Sur Télérama : « Un magazine parfois revêche, parfois donneur de leçons, mais qu’on aime pour ça, aussi, parce que seul y compte le respect dû aux lecteurs, le service rendu aux lecteurs. », Télérama, 2 janvier 2023.
Nébuleuse
Outre le service public et Télérama, son défunt mari, Louis Dandrel a constitué un allié de poids pour Fabienne Pascaud. Ils se rencontrent dans les années soixante-dix. Elle est pigiste depuis peu à Télérama, lui dirige France Musique. Par la suite il crée Radio Classique où son épouse peut parfois avoir une chronique. C’est suite à son décès en 2021, puis à la publication d’un livre hommage intitulé l’Aimante, fin 2022, que Pascaud laisse la direction de Télérama.
Ils l’ont dit
« Avec chaque interlocuteur le même post-scriptum : « Tu verras… c’est un personnage ». Sans qu’on sache tout à fait ce que le mot recouvre — mise en garde ou mise en bouche ? », Libération, 5 février 2023.
« Un exercice du pouvoir autoritaire et vertical, en fille de militaire (qu’elle est) et une volonté de contrôle, qui a pu épuiser sa hiérarchie intermédiaire. », Libération, 5 février 2023.
« Moins snob que sa caricature de journal bobo élitiste, Télérama est, certes, toujours l’hebdo préféré des profs à la retraite, mais surtout un prescripteur généreux et un espace critique précieux – ils ont tendance à se raréfier. », Libération, 5 février 2023.
« Sur les sujets de société ont dit d’elle, en « femme de sa génération », elle a mis du temps à appréhender #MeToo. », Libération, 5 février 2023.
« Difficile de ne pas percevoir pourtant sa vision fondamentalement doloriste de la féminité, de l’amour, de l’existence même. », Libération, 5 février 2023.

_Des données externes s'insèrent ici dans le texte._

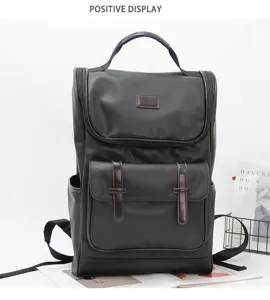 Detailed view of the Korean style commuter laptop backpack in dark color with multi pockets.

« Télérama fait partie du groupe Le Monde. L’univers des « chrétiens de gauche » auquel se réfère l’hebdomadaire a toujours été marqué par une espèce de schizophrénie vis-à-vis des questions sexuelles : pris entre une tradition de pudibonderie voire de bigoterie et une fascination pour toutes les modes sur le même sujet, trans, LGBT+, écriture inclusive, féminisme castrateur, campagne Me-too etc. », Ojim, 13/08/2019.